Transformation of the board of directors could begin at the annual meeting on Wednesday, with lawyer Kym Ryder facing three challengers to his seat. The reaction of the members will be noted.

Schacht recently told InDaily that the election allowed his fellow Adelaide members to send a message: “It is extremely important that there is a big vote this time to show intent from the 50,000-plus members on what they want to see change at their football club,” he said.

“A poor turnout would give the impression to the board – and the AFL Commission that holds the club’s licence – that everyone is happy. What we need is independent-thinking directors who are prepared to speak out in the club’s best interests. Good governance demands strong, independent people be part of this board – people who are willing to speak against the ways of the old boys’ club.”

Olsen’s first mass gathering of the Crows faithful after an annual meeting should not deliver anything he has not heard in his “due diligence” meetings with more than 100 key figures inside and outside the Adelaide Football Club.

“I stopped counting after 70,” says Olsen of just how many one-on-one sessions he took on to deal with the questions raised while clearing perception to find reality at West Lakes.

“And there were people who reached out to me. I made sure those meetings, be it over a coffee or on the phone on a trip to and from Canberra, were all followed up within a fortnight,” said Olsen.

There also was the fully independent review Olsen commissioned from KPMG to assess the Adelaide Football Club.

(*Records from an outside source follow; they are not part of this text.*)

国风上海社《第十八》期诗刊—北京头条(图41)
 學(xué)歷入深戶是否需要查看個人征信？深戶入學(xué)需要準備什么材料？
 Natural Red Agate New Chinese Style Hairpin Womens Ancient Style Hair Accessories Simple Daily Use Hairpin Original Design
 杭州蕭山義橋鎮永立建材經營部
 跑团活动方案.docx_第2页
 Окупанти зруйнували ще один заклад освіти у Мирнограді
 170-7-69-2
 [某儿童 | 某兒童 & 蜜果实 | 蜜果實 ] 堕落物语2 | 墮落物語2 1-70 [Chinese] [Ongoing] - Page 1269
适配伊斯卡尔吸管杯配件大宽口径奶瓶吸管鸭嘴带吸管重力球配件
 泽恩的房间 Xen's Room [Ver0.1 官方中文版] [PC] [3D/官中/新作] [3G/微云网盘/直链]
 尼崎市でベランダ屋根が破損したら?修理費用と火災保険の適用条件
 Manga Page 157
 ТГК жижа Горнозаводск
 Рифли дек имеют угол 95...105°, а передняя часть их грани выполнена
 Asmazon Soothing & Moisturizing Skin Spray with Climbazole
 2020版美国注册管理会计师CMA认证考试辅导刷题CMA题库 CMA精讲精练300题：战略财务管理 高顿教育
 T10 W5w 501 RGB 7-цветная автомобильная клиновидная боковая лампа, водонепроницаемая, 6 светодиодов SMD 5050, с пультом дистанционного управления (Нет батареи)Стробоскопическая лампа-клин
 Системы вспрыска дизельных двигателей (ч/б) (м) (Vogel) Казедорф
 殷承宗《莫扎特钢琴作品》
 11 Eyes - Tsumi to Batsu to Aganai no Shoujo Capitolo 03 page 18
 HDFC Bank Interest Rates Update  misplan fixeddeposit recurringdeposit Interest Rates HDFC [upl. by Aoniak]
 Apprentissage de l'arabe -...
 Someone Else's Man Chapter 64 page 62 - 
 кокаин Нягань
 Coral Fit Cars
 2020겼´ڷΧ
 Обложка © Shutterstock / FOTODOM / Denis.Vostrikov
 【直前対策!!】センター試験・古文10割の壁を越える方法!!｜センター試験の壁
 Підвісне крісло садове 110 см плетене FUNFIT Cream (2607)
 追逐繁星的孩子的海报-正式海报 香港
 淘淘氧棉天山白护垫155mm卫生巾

“That review reinforced what was emerging from the talks with many people,” he said. “And it gave support to the future direction the club needs to take – and is taking. We can make good decisions based on that knowledge. We all have our own personal position on where the Adelaide Football Club is and where it should be. There was no surprise in what I was hearing, inside or outside the club. But it is the big picture that has to be our focus – our football.

“I have enthusiasm for what we are about to embark on. We need some patience, but we will be rewarded. I have confidence the football department is on the right path – and I don’t want the credit for that; those decisions were made before my arrival and the praise belongs to Matthew Nicks, Adam Kelly, the coaches, the players and the support staff.

We are going to be open, frank and transparent.

“The club – like all clubs – suffered last year by not being able to engage with the members and fans because of the COVID protocols. That is no fault of the club nor the supporters. Hopefully, the changes that have been made already have quelled the concerns the fans carried last year – and we can put away the past to concentrate on the great opportunity we have before us today.”

Next Wednesday will give Olsen an answer to that question.